During his vetting on Monday 11 May 2020, he dismissed claims that the apex court was saddled with determining "political cases". He said the court is not a place for politics.

During the vetting process for Honyenuga's appointment, the minority on the Appointment committee walked out of the public hearing after the chairman of the Committee disallowed a question from North Tongu MP, Okudzeto Ablakwa.

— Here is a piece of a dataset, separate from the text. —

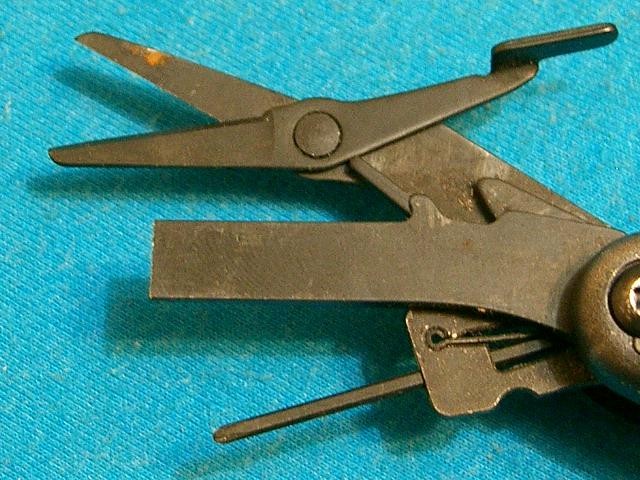 LEATHERMAN KNIFE BLACK WAVE+ MULTI PLIERS SURVIVAL TOOLS KNIVES UTILITY BUSHCRAF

But they later returned.

===Approval and swearing in===
Following his vetting by parliament, Honyenuga was approved by parliament on Wednesday 20 May 2020 and sworn into office on Friday 22 May 2020 with the president particularly congratulating him for his conduct during his vetting by parliament amidst the endorsement allegations. He was sworn in together with Justice Issifu Omoro Tanko Amadu.